= Beginning of Section =

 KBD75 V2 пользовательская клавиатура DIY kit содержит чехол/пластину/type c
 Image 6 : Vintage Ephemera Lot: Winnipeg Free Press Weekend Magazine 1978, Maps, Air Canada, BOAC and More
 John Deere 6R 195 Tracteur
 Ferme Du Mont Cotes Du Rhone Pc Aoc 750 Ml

= End of Section =
= Beginning of Section =

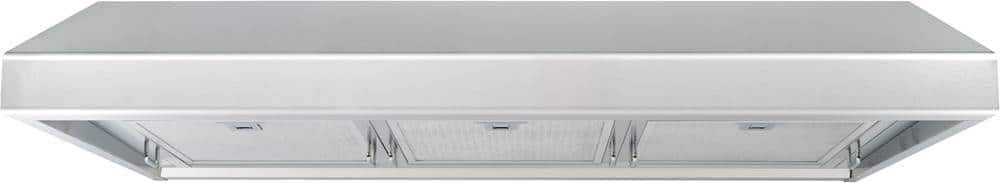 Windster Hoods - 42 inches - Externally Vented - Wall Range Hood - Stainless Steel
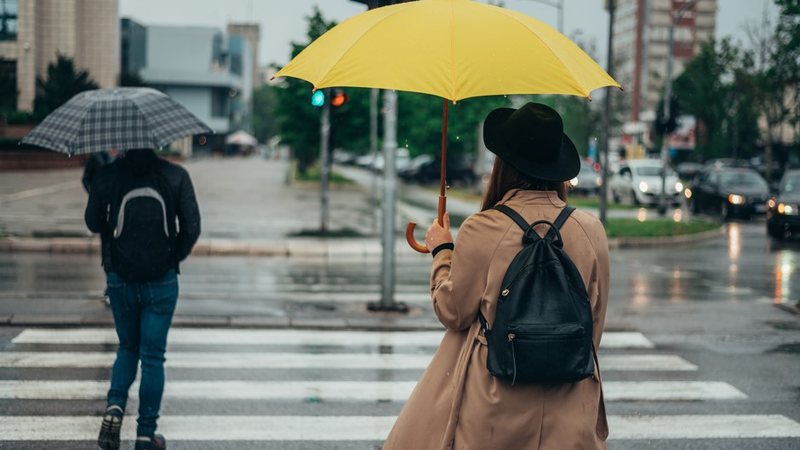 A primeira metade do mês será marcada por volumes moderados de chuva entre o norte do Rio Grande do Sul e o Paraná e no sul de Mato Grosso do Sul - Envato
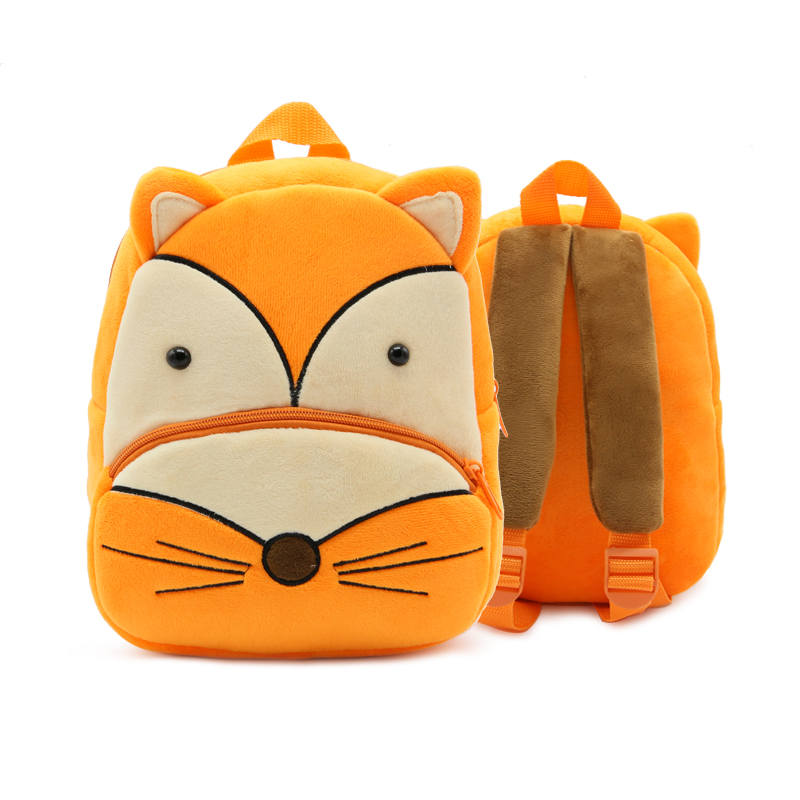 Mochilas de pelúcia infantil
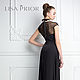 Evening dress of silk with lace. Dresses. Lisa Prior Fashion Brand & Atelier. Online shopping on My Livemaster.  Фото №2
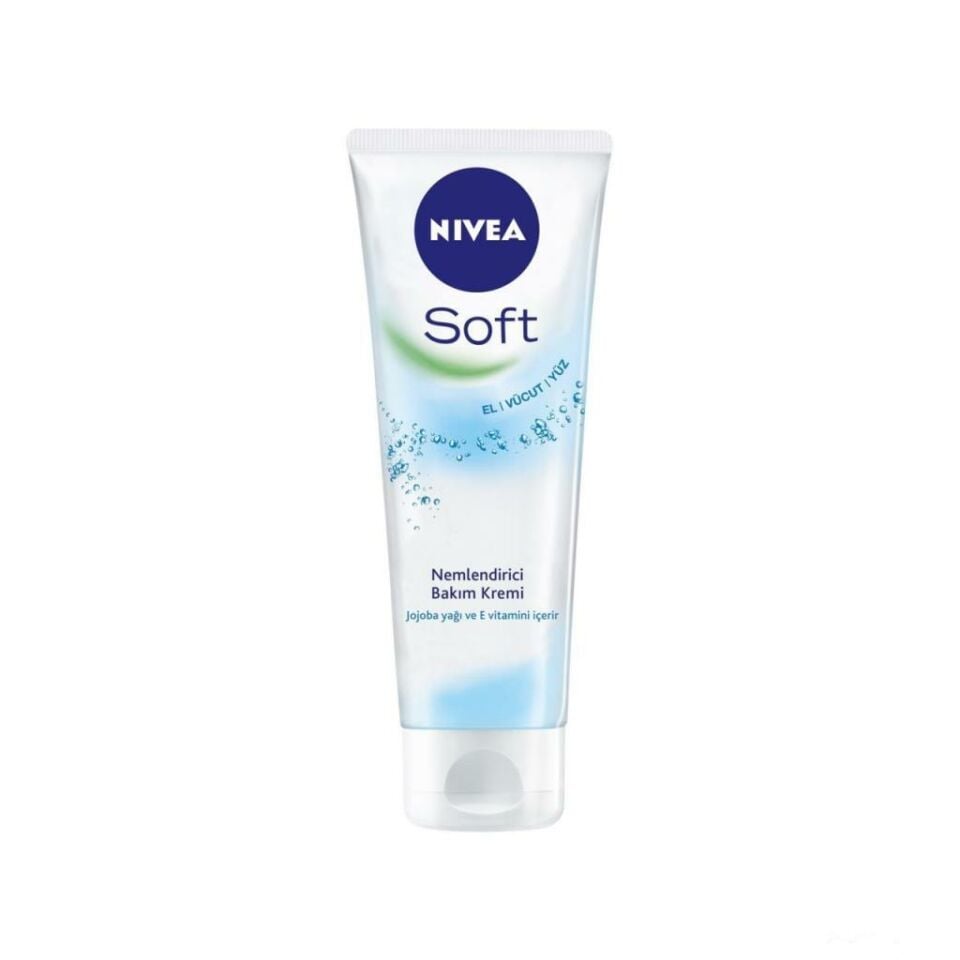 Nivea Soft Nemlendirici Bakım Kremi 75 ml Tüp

= End of Section =
= Beginning of Section =

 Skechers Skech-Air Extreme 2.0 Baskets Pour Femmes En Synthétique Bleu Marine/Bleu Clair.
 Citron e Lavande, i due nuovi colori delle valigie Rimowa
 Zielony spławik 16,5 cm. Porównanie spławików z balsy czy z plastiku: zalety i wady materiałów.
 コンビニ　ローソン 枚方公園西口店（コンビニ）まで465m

= End of Section =

- **Directions**
Only the lines above from the one with "John Deere 6R 195 Tracteur" up to and including the one with "Ferme Du Mont Cotes Du Rhone Pc Aoc 750 Ml" should be repeated, exactly as written.

- **Response to this exercise**
 John Deere 6R 195 Tracteur
 Ferme Du Mont Cotes Du Rhone Pc Aoc 750 Ml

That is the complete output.